Son premier poste de cheffe ? Le Saint-James, à Paris, alors qu’elle n’a pas encore 35 ans. Ses idées très précises, sa grosse capacité de travail et sa très solide formation vont faire merveille dans cette belle maison du 16ème arrondissement. Elle fera d’ailleurs partie de notre promotion des « Grands de demain » dans notre édition 2016, quelques mois avant de quitter Paris pour s’installer à la Réserve, à Megève. Elle y glanera tout simplement le titre de Cuisinière de l’Année chez nos amis de Gault&Millau Suisse.
Mais Virginie n’est pas vraiment du genre à se reposer sur ses lauriers et elle quitte bientôt les bords du Lac Léman pour rejoindre les eaux plus chaudes de la Méditerranée. Le Chantecler, le restaurant du Negresco, à Nice, lui tend les bras. En quelques mois, elle va dépoussiérer cette table de palace, modernisant la cuisine tout en préservant le mythe.
Grand de demain PACA – Corse – Monaco 2024
Justin Schmitt – Château Eza, Èze
Passionné par la cuisine, Justin Schmitt a le déclic devant sa télé. « Au collège, tous les midis, je rentrais et je regardais “Bon appétit bien sûr”, avec Joël Robuchon. J’écrivais toutes les recettes et je les reproduisais le week-end », se souvient-il. Il fait ses classes comme apprenti au restaurant Gaya Rive Gauche, puis au Lucas Carton, auprès d’Alain Senderens. « Ils m’ont donné beaucoup de responsabilités, j’ai pris un poste de chef de partie alors que je n’étais qu’apprenti, c’était très formateur. »
Son diplôme en poche, Justin Schmitt enchaîne les tables de renom : Les Prés d’Eugénie sous Michel Guérard, Le Grand Véfour auprès de Guy Martin, La Grande Cascade avec son ancien chef, Frédéric Robert, et au Bristol Paris aux côtés d’Éric Frechon. En 2008, il intègre l’Hôtel de Crillon, d’abord comme sous-chef de Christopher Hache lors de la réouverture du restaurant Les Ambassadeurs, puis comme chef adjoint dès 2012.

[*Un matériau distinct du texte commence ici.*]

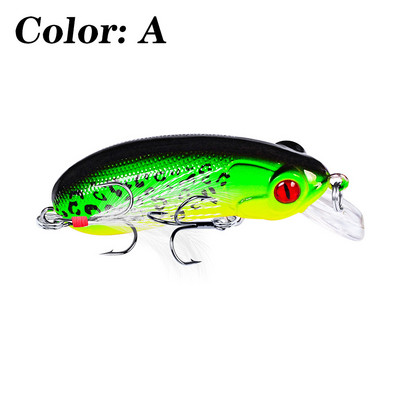 1 tk 60 mm 9 g Minnow kalapüügipeibutis ujuvad voblerid, 3D Eyes, tehisplastist kõva söödaga väntsud Bass Pike Peche jaoks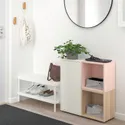 IKEA EKET ЭКЕТ, комбинация шкафов с ножками, белый / бледно-розовый / дуб, окрашенный в белый цвет, 70x35x72 см 394.944.73 фото thumb №2
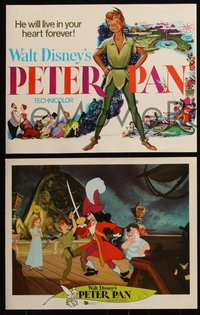 6p0807 PETER PAN 8 LCs R1976 Walt Disney animated cartoon fantasy classic, great title card art!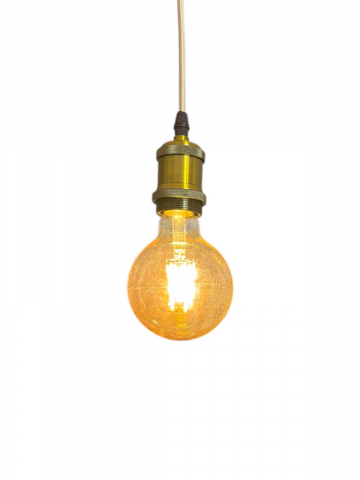 Cablu pendul cu dulie decorativa, suport metalic tavan, reglabil pe inaltime, E27, bec decorativ 4808 inclus, auriu, AVI-4822 [0]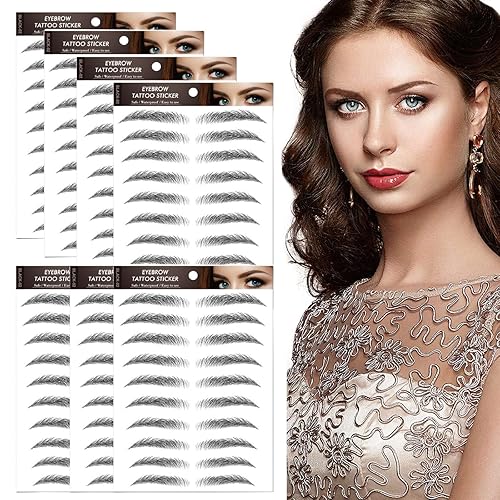 Miniatura 7 de 77 pares de calcomanías de tatuaje de cejas, 4D, impermeables, naturales, para cejas, de larga duración, perfectas para mujeres y niñas (negro)
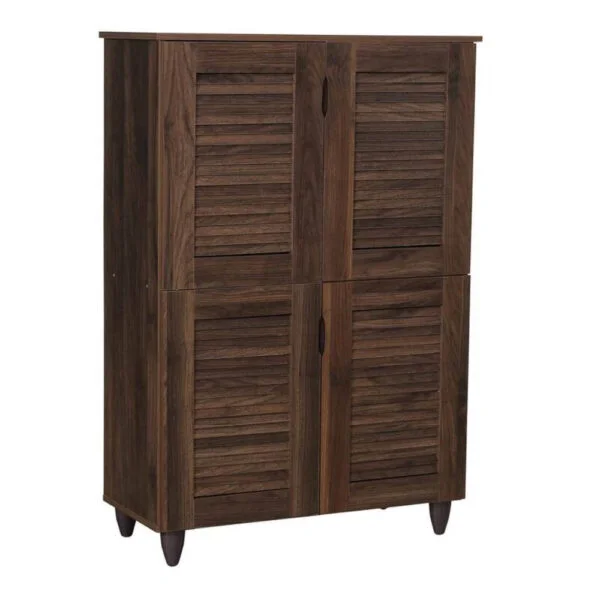 Utopia 4 Door Shoe Cabinet In Columbia Walnut Finish - A Crown Furniture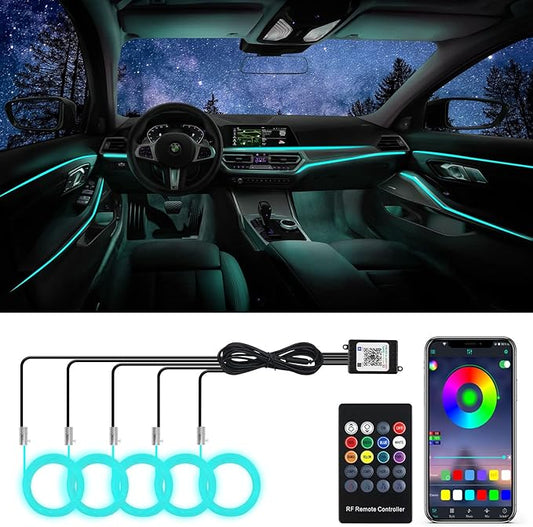Car Led Strip Lights, 5 in 1 Interior Car Light, Ambient Led Lighting Kit with RGB 16 Million Colors&236 inches Fiber Optic, Neon Light Accessories for Car, Bluetooth APP and Remote Control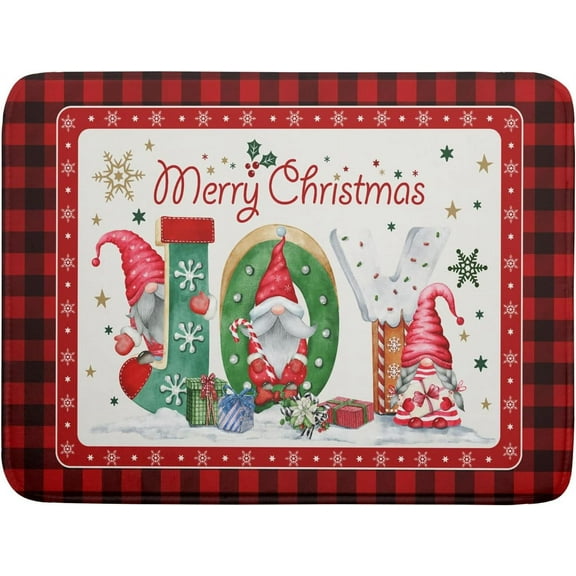 Christmas Dish Drying Mat 18 x 24 inch, Red Buffalo Plaid Gnomes Xmas Joy Absorbent Microfiber Dishes Rack Pad Countertop Mats Seasonal New Year Holiday Farmhouse Kitchen Christmas Decoration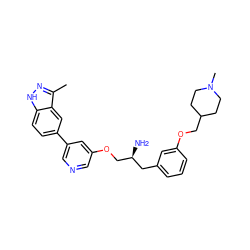 Cc1n[nH]c2ccc(-c3cncc(OC[C@@H](N)Cc4cccc(OCC5CCN(C)CC5)c4)c3)cc12 ZINC000014961797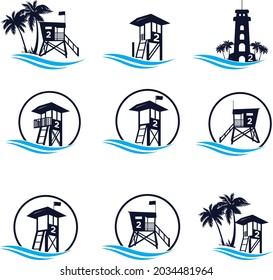 paquete de logotipo de torre de protección costera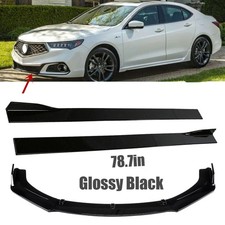 For Acura Tlx 15-17 Gloss Black Front Lip Splitter Spoiler Side Skirt Extensions For Acura Tlx 15-17 Gloss Black Front Lip Splitter Spoiler Side Skirt Extensions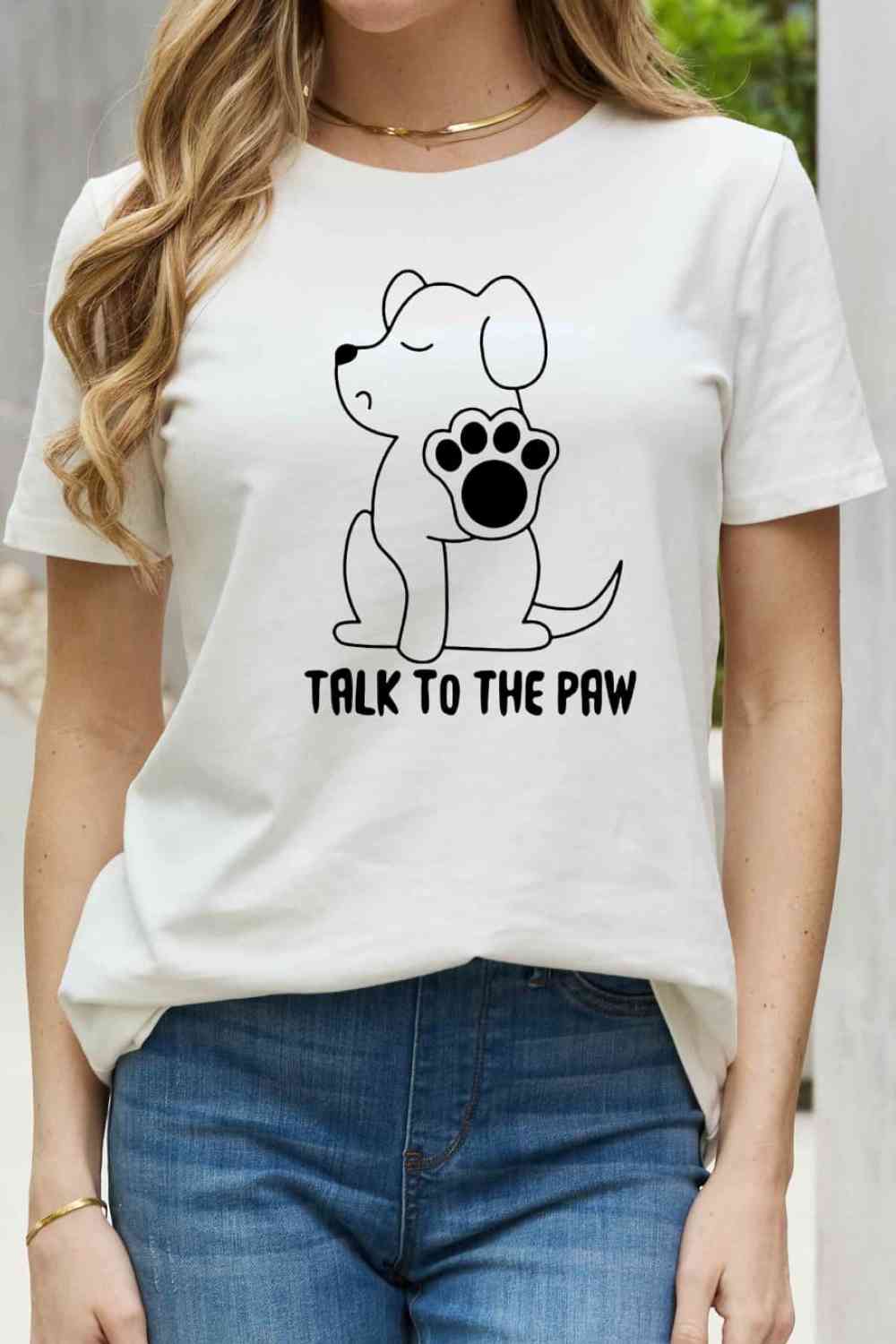 Simply Love Simply Love Full Size TALK TO THE PAW Graphic Cotton Tee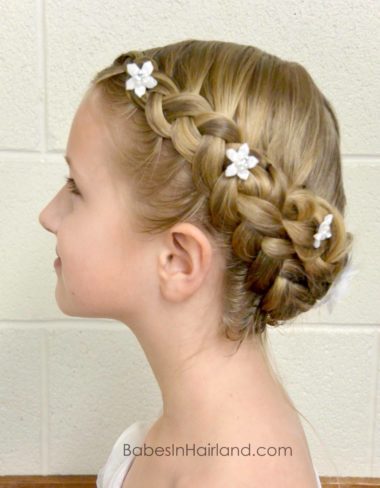 Dutch Braided Baptism Hairstyle from BabesInHairland.com #baptism #lds #mormon #braids #dutchbraids #hair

L’année 2014 signe le temps des voyages. Point de repos, mais des stages, à Londres, en Australie, en Jordanie, aux États-Unis, au Danemark… « Ça a été super enrichissant, aussi bien culturellement que techniquement. » Si bien qu’il poursuit son tour du monde, cette fois pour le groupe Rosewood comme remplaçant de chefs au Carlyle de New York, au Rosewood London et au The Georgia Hotel Vancouver.
En 2017, Justin Schmitt devient chef de la Brasserie d’Aumont, le second restaurant du Crillon. « Mais la gastronomie me manquait », alors il prend la place de chef exécutif au restaurant Laurent, à Paris, où il obtient la note de 16/20 (3 toques). Deux ans plus tard, sur conseil de son ami Mauro Colagreco, il prend la route du Sud pour le Château Eza, à Èze, comme chef exécutif. Gault&Millau lui décerne la note de 15/20 (3 toques).
Jeune Talent PACA – Corse – Monaco 2024
Marie Dijon – Caterine, Marseille
Inscrite en fac de droit, Marie Dijon se rend compte qu’elle veut être cuisinière. Cette passion et ce souci du partage, elle les tient de son père, qui lui a fait découvrir les plaisirs de la table. La jeune femme passe alors un CAP au lycée hôtelier de Marseille et fait son apprentissage chez Ludovic Turac, au restaurant Une Table au Sud. Au bout d’un an, elle contacte le chef Pierre Giannetti pour mettre son grain de sel dans son restaurant. Il accepte et l’embauche comme apprenti. Victime d’un accident de moto huit mois plus tard, il lui confie les rênes de la cuisine. Marie Dijon devient cheffe à seulement 23 ans.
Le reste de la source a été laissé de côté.